What to do: Images excepted, the data below must be repeated exactly.

Available data:
☆ ☆ ☆
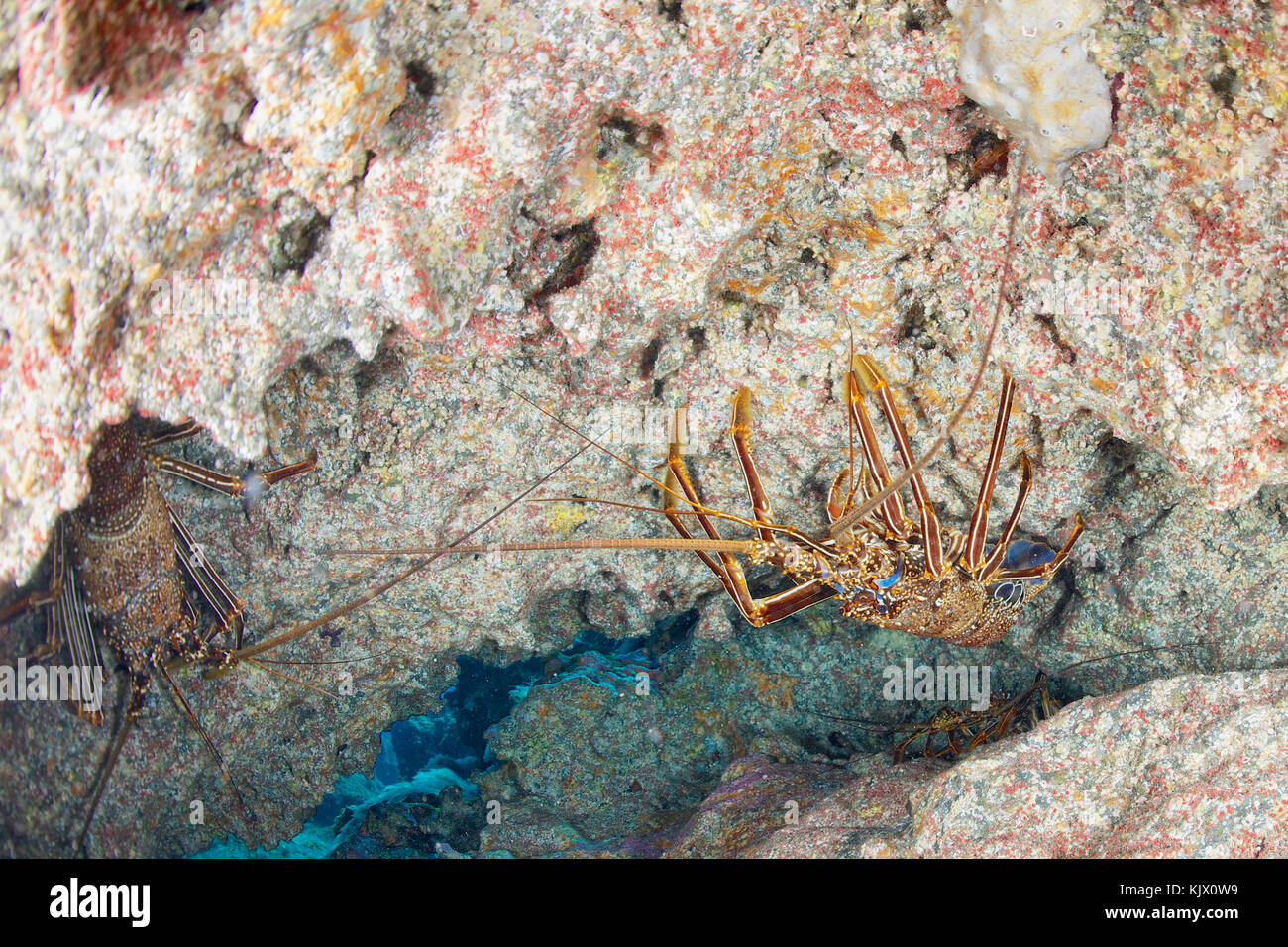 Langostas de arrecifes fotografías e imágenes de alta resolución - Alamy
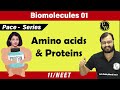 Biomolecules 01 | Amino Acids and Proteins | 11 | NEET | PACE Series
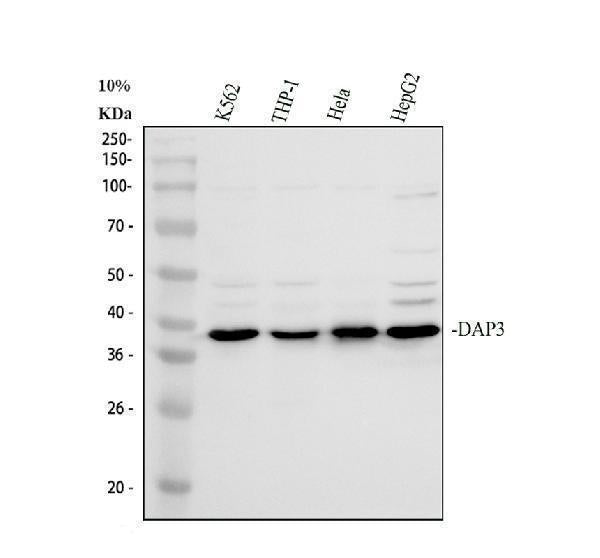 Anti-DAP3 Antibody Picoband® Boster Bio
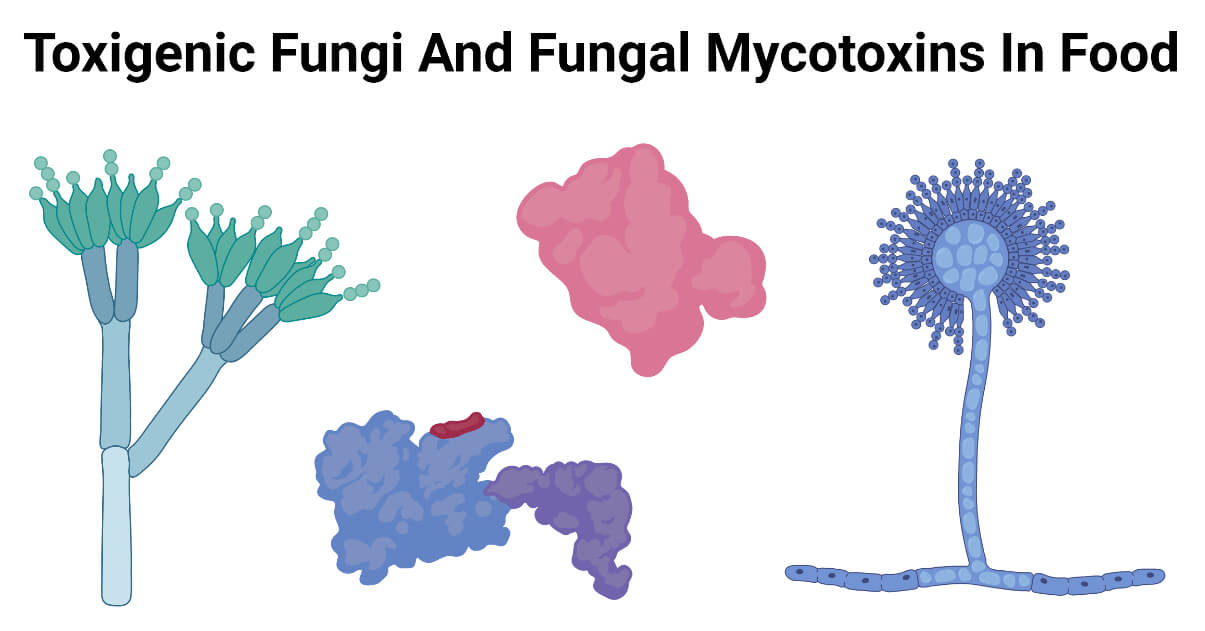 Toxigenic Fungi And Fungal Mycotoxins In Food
☆ ☆ ☆
Answer to this exercise:
 Langostas de arrecifes fotografías e imágenes de alta resolución - Alamy
 Biomolecules 01 | Amino Acids and Proteins | 11 | NEET | PACE Series
 Anti-DAP3 Antibody Picoband® Boster Bio
 Toxigenic Fungi And Fungal Mycotoxins In Food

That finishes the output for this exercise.